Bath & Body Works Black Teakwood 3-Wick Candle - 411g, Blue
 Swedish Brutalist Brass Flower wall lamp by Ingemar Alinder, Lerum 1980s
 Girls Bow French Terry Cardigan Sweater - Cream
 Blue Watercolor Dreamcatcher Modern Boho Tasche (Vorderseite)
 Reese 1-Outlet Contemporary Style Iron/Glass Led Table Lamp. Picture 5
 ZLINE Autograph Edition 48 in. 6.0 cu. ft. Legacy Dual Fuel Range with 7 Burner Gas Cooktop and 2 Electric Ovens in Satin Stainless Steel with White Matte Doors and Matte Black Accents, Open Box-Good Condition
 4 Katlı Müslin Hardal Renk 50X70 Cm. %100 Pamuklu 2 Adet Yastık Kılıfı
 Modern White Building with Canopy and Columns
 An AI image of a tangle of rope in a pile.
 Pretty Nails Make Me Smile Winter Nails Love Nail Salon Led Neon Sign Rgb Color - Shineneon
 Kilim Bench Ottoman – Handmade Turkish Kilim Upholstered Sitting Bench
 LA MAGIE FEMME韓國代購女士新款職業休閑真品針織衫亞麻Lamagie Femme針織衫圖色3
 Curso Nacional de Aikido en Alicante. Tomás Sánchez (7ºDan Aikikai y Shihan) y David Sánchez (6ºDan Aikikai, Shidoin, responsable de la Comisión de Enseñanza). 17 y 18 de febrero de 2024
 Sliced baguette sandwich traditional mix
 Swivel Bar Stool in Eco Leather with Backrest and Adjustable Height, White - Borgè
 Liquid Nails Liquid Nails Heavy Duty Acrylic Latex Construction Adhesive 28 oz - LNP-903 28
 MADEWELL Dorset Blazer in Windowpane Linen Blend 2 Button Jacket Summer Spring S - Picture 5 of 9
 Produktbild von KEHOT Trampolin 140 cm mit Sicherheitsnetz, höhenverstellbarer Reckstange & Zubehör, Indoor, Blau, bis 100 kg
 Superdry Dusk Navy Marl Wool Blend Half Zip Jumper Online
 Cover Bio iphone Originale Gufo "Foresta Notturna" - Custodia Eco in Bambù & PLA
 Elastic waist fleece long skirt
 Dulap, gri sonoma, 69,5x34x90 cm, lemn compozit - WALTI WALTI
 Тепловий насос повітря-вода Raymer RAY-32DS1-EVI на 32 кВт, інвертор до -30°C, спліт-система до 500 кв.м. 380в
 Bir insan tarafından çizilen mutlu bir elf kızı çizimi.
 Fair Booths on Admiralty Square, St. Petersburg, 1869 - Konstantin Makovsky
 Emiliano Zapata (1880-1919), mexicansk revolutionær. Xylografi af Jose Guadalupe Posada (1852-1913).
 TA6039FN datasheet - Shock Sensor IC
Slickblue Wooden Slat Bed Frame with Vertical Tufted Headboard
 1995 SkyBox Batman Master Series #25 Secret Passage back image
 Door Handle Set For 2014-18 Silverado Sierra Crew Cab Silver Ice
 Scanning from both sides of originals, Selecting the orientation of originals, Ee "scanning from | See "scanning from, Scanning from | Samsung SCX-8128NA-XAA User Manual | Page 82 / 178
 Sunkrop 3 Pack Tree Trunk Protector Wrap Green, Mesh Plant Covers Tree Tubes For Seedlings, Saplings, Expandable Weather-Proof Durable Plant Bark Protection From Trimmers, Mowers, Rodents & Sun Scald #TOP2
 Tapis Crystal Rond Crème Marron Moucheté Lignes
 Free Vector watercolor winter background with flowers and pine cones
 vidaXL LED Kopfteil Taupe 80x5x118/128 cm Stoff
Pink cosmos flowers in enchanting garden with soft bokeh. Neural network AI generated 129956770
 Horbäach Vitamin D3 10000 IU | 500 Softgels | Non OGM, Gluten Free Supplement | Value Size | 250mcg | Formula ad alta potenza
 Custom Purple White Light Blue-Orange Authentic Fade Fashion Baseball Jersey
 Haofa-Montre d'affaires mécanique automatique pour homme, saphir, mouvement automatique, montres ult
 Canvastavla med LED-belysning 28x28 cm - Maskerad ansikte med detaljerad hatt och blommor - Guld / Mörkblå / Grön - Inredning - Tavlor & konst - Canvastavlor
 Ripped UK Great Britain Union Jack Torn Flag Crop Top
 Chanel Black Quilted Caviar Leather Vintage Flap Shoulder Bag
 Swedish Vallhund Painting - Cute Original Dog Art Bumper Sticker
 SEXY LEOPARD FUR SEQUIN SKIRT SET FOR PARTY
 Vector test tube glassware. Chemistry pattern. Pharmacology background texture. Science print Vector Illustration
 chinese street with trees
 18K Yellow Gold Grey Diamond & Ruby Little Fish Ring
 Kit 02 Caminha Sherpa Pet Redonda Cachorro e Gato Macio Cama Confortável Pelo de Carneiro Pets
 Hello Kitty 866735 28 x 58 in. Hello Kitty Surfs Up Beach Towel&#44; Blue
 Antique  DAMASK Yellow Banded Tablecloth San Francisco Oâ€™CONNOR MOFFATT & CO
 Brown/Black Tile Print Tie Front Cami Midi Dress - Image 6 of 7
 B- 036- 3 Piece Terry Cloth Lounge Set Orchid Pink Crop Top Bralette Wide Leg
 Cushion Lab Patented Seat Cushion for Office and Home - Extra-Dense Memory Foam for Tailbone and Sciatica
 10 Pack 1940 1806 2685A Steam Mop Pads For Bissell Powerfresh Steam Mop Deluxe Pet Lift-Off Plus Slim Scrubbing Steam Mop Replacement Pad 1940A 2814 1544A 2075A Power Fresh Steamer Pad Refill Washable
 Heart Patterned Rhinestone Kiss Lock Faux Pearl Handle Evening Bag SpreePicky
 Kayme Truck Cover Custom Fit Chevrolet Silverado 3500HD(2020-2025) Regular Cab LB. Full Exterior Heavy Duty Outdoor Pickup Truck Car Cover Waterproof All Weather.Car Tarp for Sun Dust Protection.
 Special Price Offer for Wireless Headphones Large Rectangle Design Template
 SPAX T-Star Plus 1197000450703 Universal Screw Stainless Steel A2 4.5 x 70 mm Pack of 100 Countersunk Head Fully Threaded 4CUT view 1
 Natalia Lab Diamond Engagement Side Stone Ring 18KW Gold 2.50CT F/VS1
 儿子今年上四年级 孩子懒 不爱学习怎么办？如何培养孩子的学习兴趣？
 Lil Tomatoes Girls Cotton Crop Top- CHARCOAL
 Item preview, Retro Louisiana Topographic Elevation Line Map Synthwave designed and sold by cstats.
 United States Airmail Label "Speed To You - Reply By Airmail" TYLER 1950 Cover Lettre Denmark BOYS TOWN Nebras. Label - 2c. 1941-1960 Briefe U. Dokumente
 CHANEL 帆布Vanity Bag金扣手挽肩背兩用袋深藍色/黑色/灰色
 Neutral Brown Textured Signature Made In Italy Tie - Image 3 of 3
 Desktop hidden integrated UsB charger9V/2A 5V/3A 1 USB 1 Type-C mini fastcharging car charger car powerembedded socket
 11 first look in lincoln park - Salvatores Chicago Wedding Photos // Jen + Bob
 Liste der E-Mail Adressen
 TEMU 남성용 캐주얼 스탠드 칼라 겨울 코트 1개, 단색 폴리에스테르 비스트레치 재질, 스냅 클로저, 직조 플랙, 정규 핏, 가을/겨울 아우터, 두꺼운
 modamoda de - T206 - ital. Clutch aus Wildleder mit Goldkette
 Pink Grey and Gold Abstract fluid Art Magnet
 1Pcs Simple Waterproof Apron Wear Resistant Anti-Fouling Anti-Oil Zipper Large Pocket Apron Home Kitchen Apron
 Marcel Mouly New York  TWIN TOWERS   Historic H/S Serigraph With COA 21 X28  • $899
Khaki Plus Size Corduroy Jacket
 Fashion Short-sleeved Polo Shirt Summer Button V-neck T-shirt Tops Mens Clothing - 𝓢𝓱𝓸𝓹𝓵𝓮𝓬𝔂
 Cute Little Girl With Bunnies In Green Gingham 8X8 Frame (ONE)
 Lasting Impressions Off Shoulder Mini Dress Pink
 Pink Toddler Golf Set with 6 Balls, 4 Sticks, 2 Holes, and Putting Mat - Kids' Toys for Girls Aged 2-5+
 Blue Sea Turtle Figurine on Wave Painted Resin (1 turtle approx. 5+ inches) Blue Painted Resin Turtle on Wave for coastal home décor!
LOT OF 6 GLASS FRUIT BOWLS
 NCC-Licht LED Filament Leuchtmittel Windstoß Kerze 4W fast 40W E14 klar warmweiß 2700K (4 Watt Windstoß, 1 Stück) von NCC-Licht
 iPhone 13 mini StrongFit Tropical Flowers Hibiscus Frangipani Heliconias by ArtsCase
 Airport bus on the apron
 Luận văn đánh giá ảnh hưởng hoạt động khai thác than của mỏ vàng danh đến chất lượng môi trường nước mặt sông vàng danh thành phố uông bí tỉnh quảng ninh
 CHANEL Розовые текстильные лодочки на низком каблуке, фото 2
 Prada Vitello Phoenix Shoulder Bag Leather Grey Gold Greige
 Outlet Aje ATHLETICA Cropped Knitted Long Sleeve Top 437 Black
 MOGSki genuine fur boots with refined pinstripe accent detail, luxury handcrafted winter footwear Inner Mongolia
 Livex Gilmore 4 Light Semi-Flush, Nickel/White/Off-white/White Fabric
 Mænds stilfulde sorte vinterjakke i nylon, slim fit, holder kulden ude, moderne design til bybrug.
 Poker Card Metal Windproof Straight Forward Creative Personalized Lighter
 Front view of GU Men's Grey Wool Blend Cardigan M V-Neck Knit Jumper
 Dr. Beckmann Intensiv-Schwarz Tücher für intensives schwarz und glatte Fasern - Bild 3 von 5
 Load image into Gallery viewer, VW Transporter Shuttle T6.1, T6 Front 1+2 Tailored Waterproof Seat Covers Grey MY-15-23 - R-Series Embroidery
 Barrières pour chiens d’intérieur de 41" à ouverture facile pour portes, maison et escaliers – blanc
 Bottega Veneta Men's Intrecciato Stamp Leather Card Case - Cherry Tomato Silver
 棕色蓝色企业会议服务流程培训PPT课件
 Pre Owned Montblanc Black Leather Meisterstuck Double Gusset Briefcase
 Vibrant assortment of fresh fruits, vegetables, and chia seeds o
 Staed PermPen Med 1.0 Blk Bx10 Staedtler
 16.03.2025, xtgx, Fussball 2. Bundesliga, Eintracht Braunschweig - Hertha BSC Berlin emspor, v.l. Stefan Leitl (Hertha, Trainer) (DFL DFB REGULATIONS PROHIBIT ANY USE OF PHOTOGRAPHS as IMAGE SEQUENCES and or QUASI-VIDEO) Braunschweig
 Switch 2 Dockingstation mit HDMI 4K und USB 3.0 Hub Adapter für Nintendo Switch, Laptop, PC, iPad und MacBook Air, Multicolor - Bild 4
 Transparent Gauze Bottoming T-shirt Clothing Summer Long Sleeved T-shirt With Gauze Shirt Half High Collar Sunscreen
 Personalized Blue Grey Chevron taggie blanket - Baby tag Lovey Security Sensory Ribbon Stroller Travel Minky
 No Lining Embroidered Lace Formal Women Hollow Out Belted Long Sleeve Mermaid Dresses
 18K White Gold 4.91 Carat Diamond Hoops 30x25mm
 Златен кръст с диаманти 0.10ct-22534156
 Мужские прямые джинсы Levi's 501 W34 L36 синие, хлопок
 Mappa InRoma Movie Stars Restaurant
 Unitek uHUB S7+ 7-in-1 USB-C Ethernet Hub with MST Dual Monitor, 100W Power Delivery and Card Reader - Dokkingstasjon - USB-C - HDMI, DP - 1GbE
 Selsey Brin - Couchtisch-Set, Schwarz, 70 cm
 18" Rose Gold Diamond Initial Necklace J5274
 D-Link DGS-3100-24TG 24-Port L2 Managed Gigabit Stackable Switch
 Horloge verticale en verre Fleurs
────────────────────────────────────────
§ **Assigned task**: In the listing above, find the line containing "Blue Watercolor Dreamcatcher" and the line containing "Superdry Dusk Navy". Output them and every line between, exactly, and nothing else.

§ **Solution for this task**:
 Blue Watercolor Dreamcatcher Modern Boho Tasche (Vorderseite)
 Reese 1-Outlet Contemporary Style Iron/Glass Led Table Lamp. Picture 5
 ZLINE Autograph Edition 48 in. 6.0 cu. ft. Legacy Dual Fuel Range with 7 Burner Gas Cooktop and 2 Electric Ovens in Satin Stainless Steel with White Matte Doors and Matte Black Accents, Open Box-Good Condition
 4 Katlı Müslin Hardal Renk 50X70 Cm. %100 Pamuklu 2 Adet Yastık Kılıfı
 Modern White Building with Canopy and Columns
 An AI image of a tangle of rope in a pile.
 Pretty Nails Make Me Smile Winter Nails Love Nail Salon Led Neon Sign Rgb Color - Shineneon
 Kilim Bench Ottoman – Handmade Turkish Kilim Upholstered Sitting Bench
 LA MAGIE FEMME韓國代購女士新款職業休閑真品針織衫亞麻Lamagie Femme針織衫圖色3
 Curso Nacional de Aikido en Alicante. Tomás Sánchez (7ºDan Aikikai y Shihan) y David Sánchez (6ºDan Aikikai, Shidoin, responsable de la Comisión de Enseñanza). 17 y 18 de febrero de 2024
 Sliced baguette sandwich traditional mix
 Swivel Bar Stool in Eco Leather with Backrest and Adjustable Height, White - Borgè
 Liquid Nails Liquid Nails Heavy Duty Acrylic Latex Construction Adhesive 28 oz - LNP-903 28
 MADEWELL Dorset Blazer in Windowpane Linen Blend 2 Button Jacket Summer Spring S - Picture 5 of 9
 Produktbild von KEHOT Trampolin 140 cm mit Sicherheitsnetz, höhenverstellbarer Reckstange & Zubehör, Indoor, Blau, bis 100 kg
 Superdry Dusk Navy Marl Wool Blend Half Zip Jumper Online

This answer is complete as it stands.